Belle journée ensoleillée et bien à toi,
Jean-Christophe
Paysage photographique ou sortie d’un rêve, ce temps qui semble couler paisiblement le long de cette avenue menant à Middelharnis est un bol d’air à cette époque de grande vitesse que nous vivons actuellement.
Le temps, cette chose qui n’a pas d’odeur, qui n’est pas palpable et dont la notion n’est pas la même à travers les époques et pourtant visible. Oui visible par les changements qu’il opère. Rien ne reste figé, même la pierre est rongée par le temps. Il existe une chose que le temps ne change pas, ce que nous ressentons au fond de nous même….
Il est bon de pouvoir venir flâner sur cette avenue, s’offrir un instant afin d’oublier le temps qui passe.
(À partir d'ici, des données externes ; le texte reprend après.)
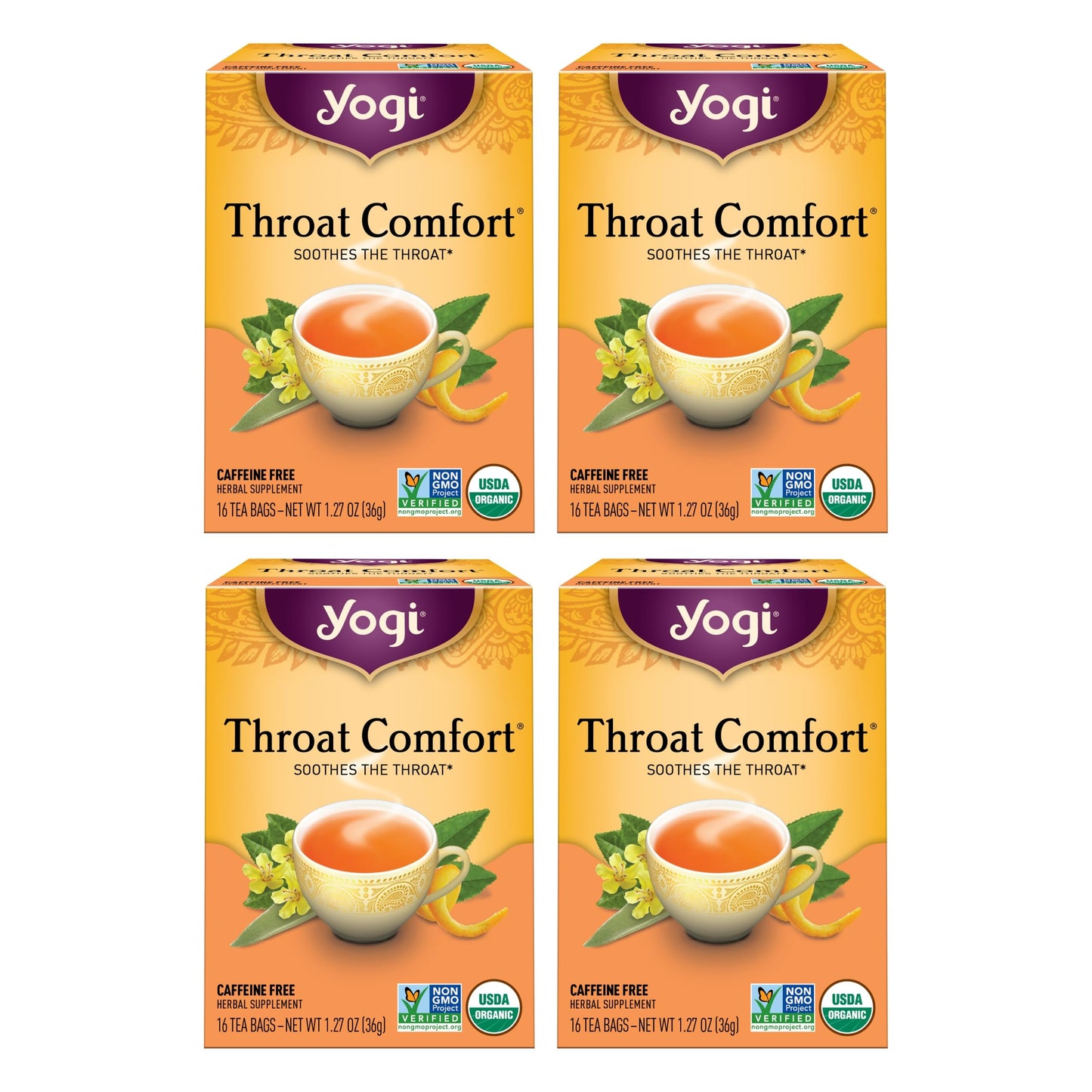 Yogi Tea Throat Comfort Tea - 16 Tea Bags Per Pack (4 Packs) - Herbal Tea For Throats - Organic Throat-Soothing Tea - Includes L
Merci Jean-Christophe pour cette ballade accompagnée d’une musique qui souligne si bien ce moment hors du temps.
Crois-tu vraiment, David, que le temps n'a pas d'odeur ? Je n'en suis pas aussi certain que toi car il suffit parfois de respirer une fleur oubliée entre les pages d'un livre pour que renaissent, en un instant, toutes les images d'un été enfui. Sans doute des parfums d'iode et de terre se mêlaient-ils dans l'air de cette matinée à Middelharnis, peut-être ont-ils été pour quelqu'un les vecteurs olfactifs d'un souvenir.
"Tout s'écoule", écrivait Héraclite, "la seule chose qui ne change pas, c'est que tout est toujours en train de changer" nous enseigne la sagesse orientale, rien n'a jamais de forme définitive, qu'il s'agisse des contours d'un paysage ou du coeur de l'Homme, et nous devons nous résoudre à n'être jamais environnés que de brumes incertaines. C'est cette fluctuation qui ouvre la porte au rêve, qu'il se fixe sur une toile ou reste à jamais en suspens comme le sont la majorité de nos vies.